Problem statement
Look through the data below for the line with "Los toros de" and the line with "Similar image 1233293", then output those two and all lines in between, exactly as written.

Supplied records

------------------------------------------------------------

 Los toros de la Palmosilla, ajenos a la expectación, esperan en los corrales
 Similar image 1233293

------------------------------------------------------------

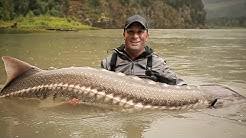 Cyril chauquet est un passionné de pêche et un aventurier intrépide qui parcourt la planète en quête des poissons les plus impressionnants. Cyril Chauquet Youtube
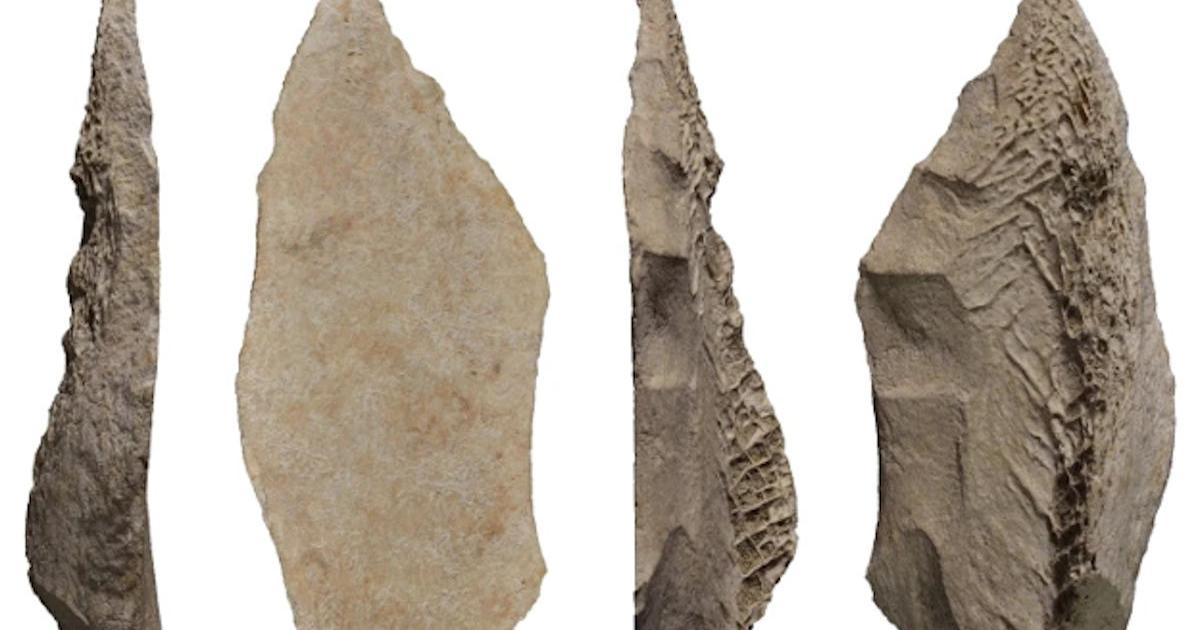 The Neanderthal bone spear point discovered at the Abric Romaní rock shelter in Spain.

------------------------------------------------------------

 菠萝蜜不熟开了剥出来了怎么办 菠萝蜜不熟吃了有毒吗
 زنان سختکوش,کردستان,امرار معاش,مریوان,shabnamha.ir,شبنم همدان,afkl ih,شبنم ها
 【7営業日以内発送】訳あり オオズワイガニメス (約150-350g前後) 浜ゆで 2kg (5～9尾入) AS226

------------------------------------------------------------

Expected answer
 Los toros de la Palmosilla, ajenos a la expectación, esperan en los corrales
 Similar image 1233293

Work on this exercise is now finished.